Have you ever wanted to submit a video, picture or tried to fill out a contact form but kept getting stumped?
Each time you tried filling out the form, something blocked you – “please fill in the required field”; “username is already in use”; “please provide a better password”. Though they may be functional rejections from a website owner’s perspective, they can be very frustrating for any visitor.
From just a single rejection message, a new visitor may simply give up if the submission form is too difficult, too time consuming or just too frustrating to fill out.
This post serves to outline the most common ways to make your content submission forms better, and identifies the common blocks that reduce submissions, even online purchases!

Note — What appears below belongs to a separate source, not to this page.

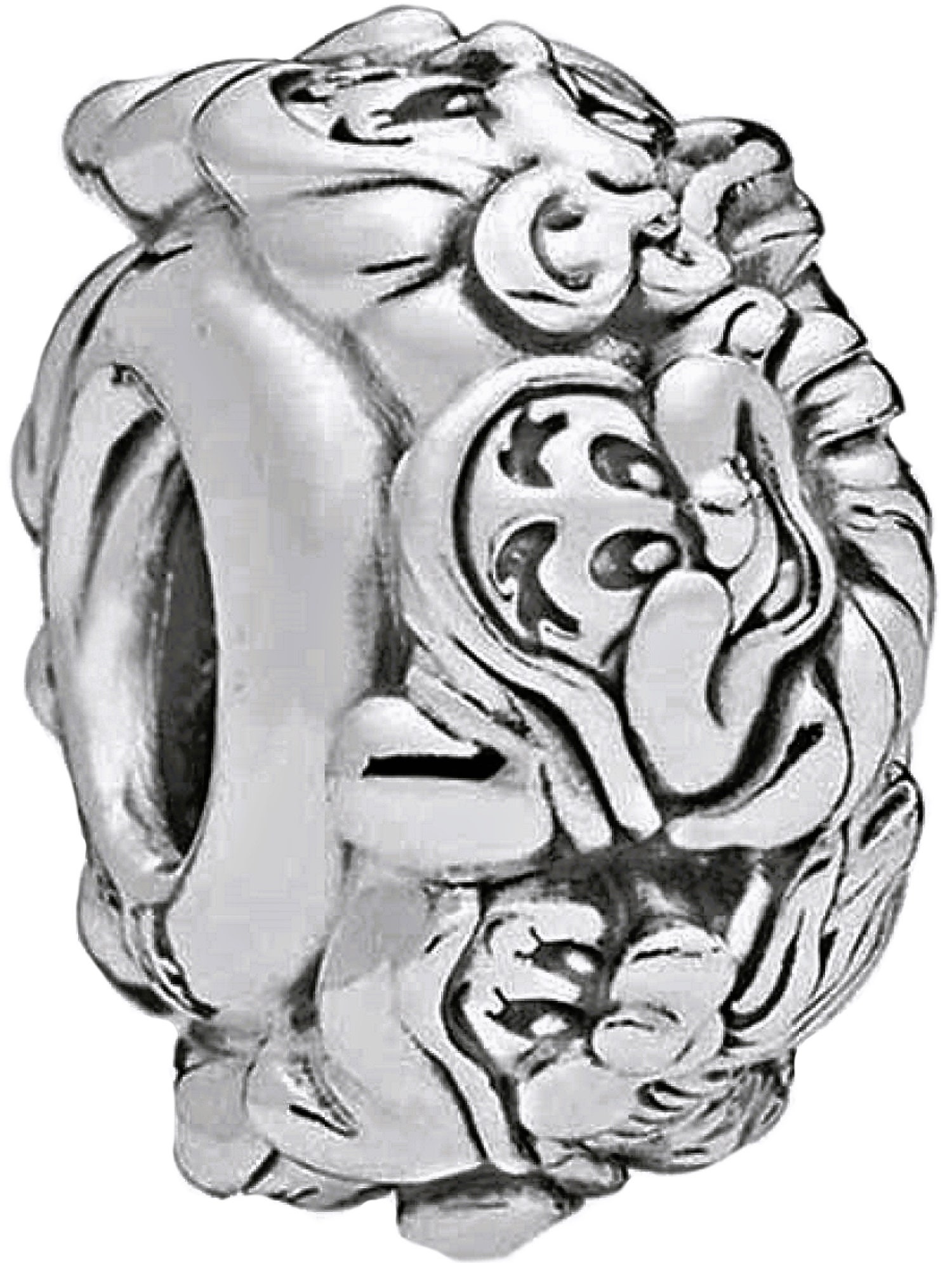 Pandora seven dwarfs - Etsy 日本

What will this do for your website?
You will get more submissions! You may get more purchases!
More submissions means more content, easier forms also means potential readers and customers for your site. You can apply what you learn here to any kind of form on most kinds of sites.
- Visitors may tell their friends about it (free word of mouth)
- Fast checkout (for merchant sites) will likely lead to more sales
- Increased time on site
- Lowered bounces
- Increased customer satisfaction
Fast is important
The faster a visitor can submit something through your form, the better. Do not leave any obstacles to prevent them from getting to the confirmation page (“thank you for your submission, after our review – return to our site to view your submitted content”).
- Ensure your submission form accepts many file sizes, so visitors don’t need to re-enter the file-select stage
- Ensure your submission form doesn’t have too many required fields. Credit card number should be forced but “how did you find out about our site?” should not be forced.
- Ensure the site upload is fast (test the form yourself from multiple computers)
- Allowing social login can be a fast way to get necessary info. The the website owner gets Facebook followers (as an example), gets to learn more about his customers and it can prevent spam. The user benefits because he doesn’t need to create a new username or password.
Remove time wasters, obstacles and frustrations
Here are common obstacles that can severely reduce submissions to your site via forms – which we urge you to consider seriously:
- Do not force registration – most frequent online visitors are over burdened by password creation and may abandon the form altogether. A registration page should not make a person feel tired the moment they see how much work is required. Allow guest visitors, as appropriate for the type of site you run. Get expert advice if you are a merchant.
- Do not activate complex captcha-type fields – a captcha phrase can be frustrating because you may need to re-enter it multiple times, as the text is often too scrambled. But a more complex captcha is difficult and takes too much time. Each failure feels worse.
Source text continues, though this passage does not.